Background & Motivation

Background: The architecture of mainstream reward models (RM) is highly standardized: a causal transformer backbone encodes the concatenated "prompt+response" into token-level hidden states, followed by a fixed pooling operation (most commonly taking the last token's hidden state, i.e., last-token pooling) to compress it into a single scalar score, trained with the Bradley-Terry loss. While efficient, recent improvements have focused almost exclusively on data quality and backbone scale, leaving the scoring head itself unchanged.

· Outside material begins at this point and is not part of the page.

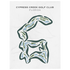 Cypress Creek Golf Club, Florida - Printed Golf Courses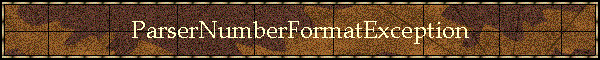 ParserNumberFormatException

Limitations of Prior Work: The paper identifies an overlooked issue with fixed pooling: the spatial distribution of validation evidence varies by task. Correctness signals for math or code problems are often local and concentrated near the final answer (suitable for last-token), whereas holistic attributes like safety, coherence, and style are dispersed throughout the sequence (suitable for mean pooling). Forcing a general-purpose RM to use a single pooling type necessitates a systematic trade-off between the high-frequency local sensitivity needed for reasoning errors and the low-frequency global integration required for safety evaluation. Figure 1 shows that last-token is good at capturing terminal signals but misses defects hidden earlier, while mean pooling captures global attributes but suffers from signal dilution in long contexts.

Key Challenge: Beyond the fixed bias of aggregation, there is a deeper issue of representation mismatch. Backbone hidden states are optimized for next-token prediction, while preference discrimination requires fine-grained pairwise distinction under noisy, sequence-level supervision. Subtle preference cues, such as logical consistency or minor constraint violations, are often misaligned with the pairwise ranking objective in the original representation space, and the required level of abstraction varies significantly across samples.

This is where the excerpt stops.